Yes, for the technologically-not-literate people that I know, Internet = social media, and they totally spend every waking hour refresh the page to see "what's new". I used to do that on reddit.

>check email, you read news articles, you look at posts from friends on fb or instagram, you interact with people in a comments section, you take or share pictures, you have music or video essays playing to help you focus on work, you message coworkers, coordinate a meetup in a group chat, among other things.

Half of this thing are mental garbage, the other half are FOMO and outrage economy, so not doing them may result in a positive outcome.

1 comments

I agree with you that escapism with tech can be more than a bad habit and it can take your attention away from things that would be more productive in the long term. However I don't know if I agree that it's a compulsion the way you'd think it with traditional addiction. If a friend you haven't talked to in a while suddenly came over to hang out, would you sit there and continue doom scrolling?

I also should clarify that I don't categorize reddit as social media because it's generally not people I know. I would consider fb, insta, snapchat as social media but not YouTube, reddit, or even here.

This reminds more of somewhere in between. Like stumbleupon but with a comment section where you can discuss things.

I am only differentiating because I believe the motivation for refreshing news aggregation sites vs social media is different. There's a much higher sense of urgency and importance when it's news. What you find interesting is also different between social media and news.

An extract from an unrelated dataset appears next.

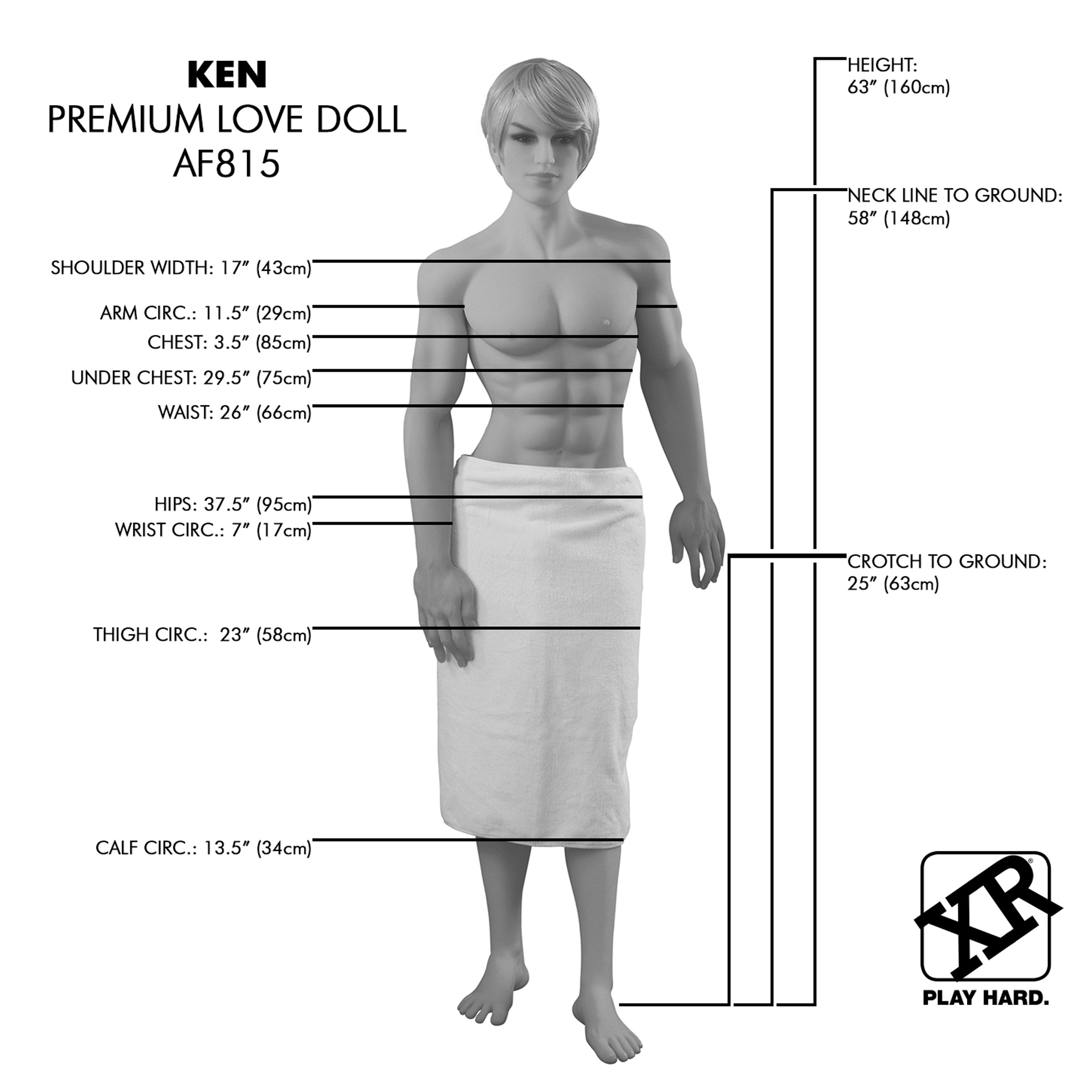 Kenny Premium Love Doll showcasing realistic features, muscular physique, and three wigs for customizable play.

I think having a catch all term of being on the phone is not productive in helping people understand when the use of technology becomes unhealthy. Calling technology use unhealthy or even an addiction based on the perception of how long you spend is meaningless.

I agree that for some people using technology less would be positive, most often because they stop using technology to escape and ignore their responsibilities.

I don't know how fair it is to say it's garbage, some people like watching terrible films, some watch reality tv, some like video games, some like learning baseball stats, some like collecting NFTs, some like following twitter drama, I personally enjoy this kind of discourse on HN. How people choose to spend their time and what they enjoy is up to them.

I don't personally believe in the idea that constant stimulation is a bad thing as long as my responsibilities are taken care of. But I also have adhd so I don't know if everyone would share that sentiment.